Thread: BUG #18877: PostgreSQL triggers assertion failure
The following bug has been logged on the website: Bug reference: 18877 Logged by: Yu Liang Email address: luy70@psu.edu PostgreSQL version: 17.4 Operating system: Ubuntu 24.04 LTS ARM64 VM Description: In the debug build of PostgreSQL 17.4, compiled with `configure --enable-debug --prefix=$(pwd) --exec-prefix=$(pwd) --enable-cassert`, triggered Assertion Failure when executing the following statement: ```sql SELECT ALL GROUP BY ALL ( ), CUBE ( CASE WHEN FALSE THEN TRUE END ) INTERSECT ALL SELECT ALL FROM JSON_ARRAY ( WITH any_cte_name AS ( ( TABLE v00 ) ) VALUES ( FALSE ) ), any_table_name GROUP BY CUBE ( CASE WHEN TRUE THEN FALSE END ); ``` The assertion triggered is: Assert("IsA(cte->ctequery, InsertStmt) || IsA(cte->ctequery, UpdateStmt) || IsA(cte->ctequery, DeleteStmt) || IsA(cte->ctequery, MergeStmt)"). File: "/home/postgresql/postgres/bld/../src/backend/parser/parse_cte.c", Line: 150.

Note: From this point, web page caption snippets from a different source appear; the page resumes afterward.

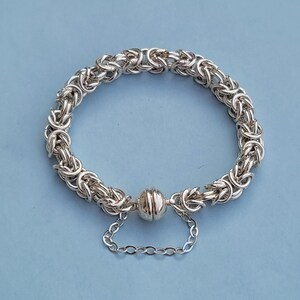 K&ouml;nnte beinhalten: Ein silbernes Kettenarmband mit einem Magnetverschluss. Das Armband besteht aus einem geflochtenen Kettenmuster.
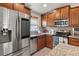 Beautiful kitchen featuring stainless steel appliances, granite countertops, and modern fixtures at 3368 Tuscano Ne Ave, New Smyrna Beach, FL 32168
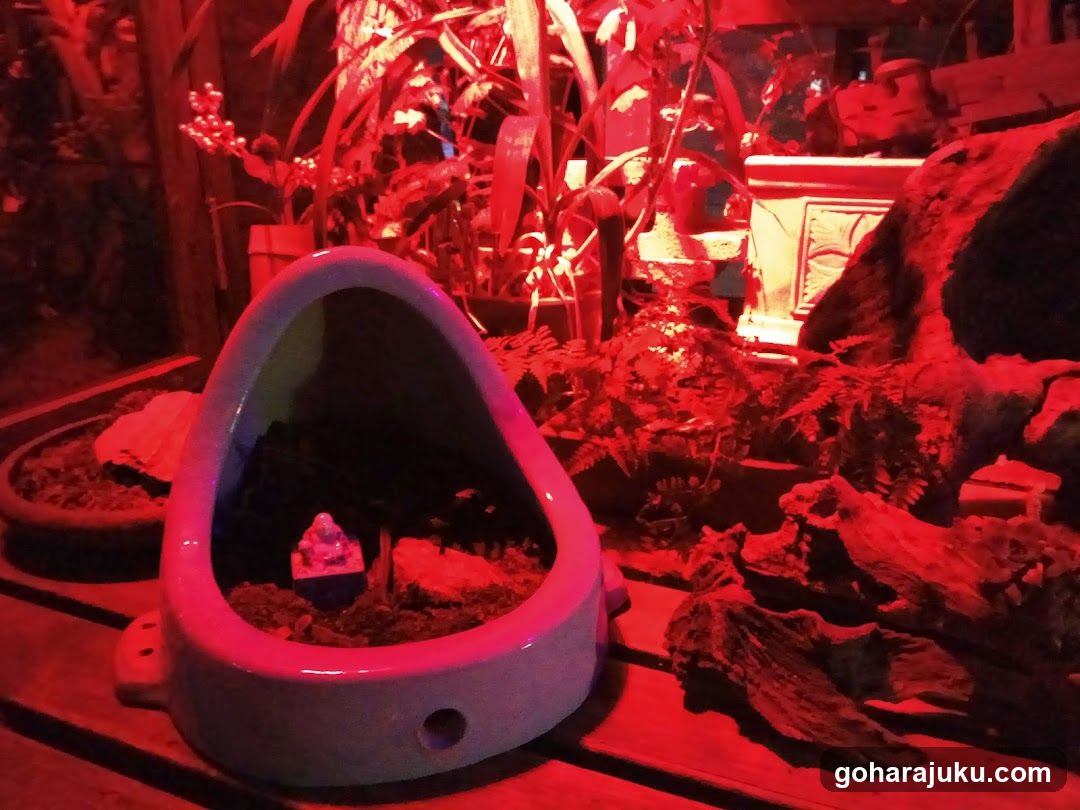 Red-lit Urinal Garden Scene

Sorry it seems I didn’t provide the full PoC.
After launching the debug postgresql server, in psql, run the following queries.
```sql
DROP DATABASE test123;
CREATE DATABASE test123;
\c test123;
CREATE TABLE v00 (c01 INT, c02 TEXT);
SELECT ALL GROUP BY ALL ( ), CUBE ( CASE WHEN FALSE THEN TRUE END ) INTERSECT ALL SELECT ALL FROM JSON_ARRAY ( WITH any_cte_name AS ( ( TABLE v00 ) ) VALUES ( FALSE ) ), any_table_name GROUP BY CUBE ( CASE WHEN TRUE THEN FALSE END );
```
The original PoC misses the `CREATE TABLE` statement.
Best Regards,
Yu Liang
From: PG Bug reporting form <noreply@postgresql.org>
Date: Friday, April 4, 2025 at 2:49 PM
To: pgsql-bugs@lists.postgresql.org <pgsql-bugs@lists.postgresql.org>
Cc: Liang, Yu <luy70@psu.edu>
Subject: BUG #18877: PostgreSQL triggers assertion failure
[You don't often get email from noreply@postgresql.org. Learn why this is important at https://aka.ms/LearnAboutSenderIdentification ]

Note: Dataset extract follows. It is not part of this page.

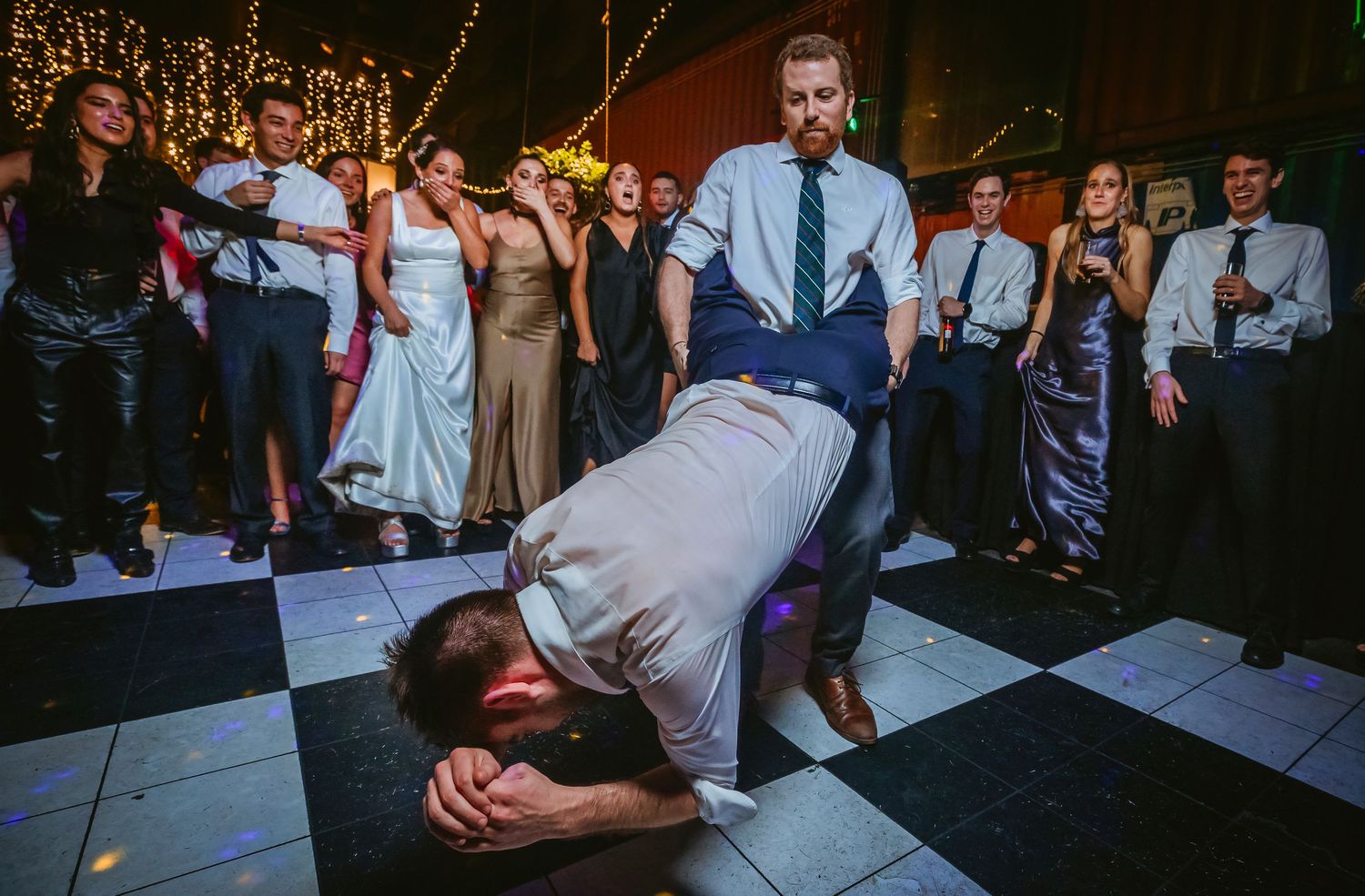 Energetic wedding guest performs dance move on checkered floor while crowd watches at reception.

The following bug has been logged on the website:
Bug reference: 18877
Logged by: Yu Liang
Email address: luy70@psu.edu
PostgreSQL version: 17.4
Operating system: Ubuntu 24.04 LTS ARM64 VM
Description:
In the debug build of PostgreSQL 17.4, compiled with `configure
--enable-debug --prefix=$(pwd) --exec-prefix=$(pwd) --enable-cassert`,
triggered Assertion Failure when executing the following statement:
```sql
SELECT ALL GROUP BY ALL ( ), CUBE ( CASE WHEN FALSE THEN TRUE END )
INTERSECT ALL SELECT ALL FROM JSON_ARRAY ( WITH any_cte_name AS ( ( TABLE
v00 ) ) VALUES ( FALSE ) ), any_table_name GROUP BY CUBE ( CASE WHEN TRUE
THEN FALSE END );
```
The assertion triggered is: Assert("IsA(cte->ctequery, InsertStmt) ||
IsA(cte->ctequery, UpdateStmt) || IsA(cte->ctequery, DeleteStmt) ||
IsA(cte->ctequery, MergeStmt)").
File: "/home/postgresql/postgres/bld/../src/backend/parser/parse_cte.c",
Line: 150.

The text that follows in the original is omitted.